**WHAT IS REQUIRED**
Where "Model" appears in a line of the entries below, that line should be copied.

================================

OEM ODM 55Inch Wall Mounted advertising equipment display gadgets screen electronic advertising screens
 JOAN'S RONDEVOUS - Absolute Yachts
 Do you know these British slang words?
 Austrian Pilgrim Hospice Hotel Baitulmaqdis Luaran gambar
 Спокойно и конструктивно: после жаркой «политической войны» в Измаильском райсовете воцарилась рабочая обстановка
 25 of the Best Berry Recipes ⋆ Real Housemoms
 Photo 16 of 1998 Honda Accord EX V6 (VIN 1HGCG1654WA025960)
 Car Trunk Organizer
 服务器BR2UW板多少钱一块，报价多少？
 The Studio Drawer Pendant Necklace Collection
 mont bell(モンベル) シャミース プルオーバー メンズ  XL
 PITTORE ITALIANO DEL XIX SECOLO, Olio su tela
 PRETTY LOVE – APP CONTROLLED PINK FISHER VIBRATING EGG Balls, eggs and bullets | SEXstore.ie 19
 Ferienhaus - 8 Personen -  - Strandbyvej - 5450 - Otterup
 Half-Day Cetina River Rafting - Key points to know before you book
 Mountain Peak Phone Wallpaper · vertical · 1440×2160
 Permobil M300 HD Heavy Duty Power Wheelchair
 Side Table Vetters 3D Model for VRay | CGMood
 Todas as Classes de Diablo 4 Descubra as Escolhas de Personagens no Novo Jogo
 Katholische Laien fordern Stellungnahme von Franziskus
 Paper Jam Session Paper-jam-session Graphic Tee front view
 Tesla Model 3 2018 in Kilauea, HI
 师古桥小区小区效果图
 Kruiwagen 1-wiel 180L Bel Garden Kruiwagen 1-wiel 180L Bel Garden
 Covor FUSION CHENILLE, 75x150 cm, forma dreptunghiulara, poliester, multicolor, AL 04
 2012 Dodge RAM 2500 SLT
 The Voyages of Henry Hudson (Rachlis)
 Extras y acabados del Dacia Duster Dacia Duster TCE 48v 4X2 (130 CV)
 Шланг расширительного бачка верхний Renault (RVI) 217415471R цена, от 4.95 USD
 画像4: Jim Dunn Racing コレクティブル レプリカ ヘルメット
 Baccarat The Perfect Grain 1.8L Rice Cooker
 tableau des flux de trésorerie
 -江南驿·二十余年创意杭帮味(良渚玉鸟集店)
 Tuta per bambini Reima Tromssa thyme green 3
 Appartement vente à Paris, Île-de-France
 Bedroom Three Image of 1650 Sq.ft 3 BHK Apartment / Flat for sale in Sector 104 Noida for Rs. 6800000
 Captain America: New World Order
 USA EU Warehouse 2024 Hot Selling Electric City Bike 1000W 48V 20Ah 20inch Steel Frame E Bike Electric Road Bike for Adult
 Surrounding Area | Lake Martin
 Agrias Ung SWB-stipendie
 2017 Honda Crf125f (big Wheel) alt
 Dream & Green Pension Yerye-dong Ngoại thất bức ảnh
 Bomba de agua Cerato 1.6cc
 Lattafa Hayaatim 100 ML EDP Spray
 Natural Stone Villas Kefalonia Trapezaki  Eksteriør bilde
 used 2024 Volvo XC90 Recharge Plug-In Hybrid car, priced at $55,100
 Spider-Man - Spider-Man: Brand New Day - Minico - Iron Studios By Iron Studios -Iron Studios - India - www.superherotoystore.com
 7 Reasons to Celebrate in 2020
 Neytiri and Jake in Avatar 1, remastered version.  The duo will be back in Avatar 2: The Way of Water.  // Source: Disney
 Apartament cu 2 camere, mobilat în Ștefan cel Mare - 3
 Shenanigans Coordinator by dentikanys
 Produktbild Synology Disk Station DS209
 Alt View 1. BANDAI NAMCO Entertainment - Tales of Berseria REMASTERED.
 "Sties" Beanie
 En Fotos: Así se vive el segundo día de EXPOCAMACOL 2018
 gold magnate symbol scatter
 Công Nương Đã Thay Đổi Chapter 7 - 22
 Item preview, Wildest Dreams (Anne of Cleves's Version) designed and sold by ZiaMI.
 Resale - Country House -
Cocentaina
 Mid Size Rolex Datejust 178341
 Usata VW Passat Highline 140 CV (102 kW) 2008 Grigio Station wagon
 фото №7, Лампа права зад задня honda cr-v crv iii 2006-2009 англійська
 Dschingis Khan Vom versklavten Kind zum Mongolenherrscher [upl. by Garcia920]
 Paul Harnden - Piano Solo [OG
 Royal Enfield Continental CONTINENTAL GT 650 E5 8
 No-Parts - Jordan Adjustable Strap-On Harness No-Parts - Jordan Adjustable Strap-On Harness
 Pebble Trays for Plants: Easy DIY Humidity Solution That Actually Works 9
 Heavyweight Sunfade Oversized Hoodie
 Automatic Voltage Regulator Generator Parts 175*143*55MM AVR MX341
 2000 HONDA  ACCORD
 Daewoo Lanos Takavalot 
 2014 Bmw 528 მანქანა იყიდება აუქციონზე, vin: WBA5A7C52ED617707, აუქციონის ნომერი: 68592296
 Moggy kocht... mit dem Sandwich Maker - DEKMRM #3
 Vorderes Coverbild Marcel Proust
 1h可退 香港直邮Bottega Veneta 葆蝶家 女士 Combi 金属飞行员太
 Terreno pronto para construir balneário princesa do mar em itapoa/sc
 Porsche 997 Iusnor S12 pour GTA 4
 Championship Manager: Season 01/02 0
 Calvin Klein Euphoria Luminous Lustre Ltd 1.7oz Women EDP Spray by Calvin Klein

================================

**EXERCISE SOLUTION**
 Side Table Vetters 3D Model for VRay | CGMood
 Tesla Model 3 2018 in Kilauea, HI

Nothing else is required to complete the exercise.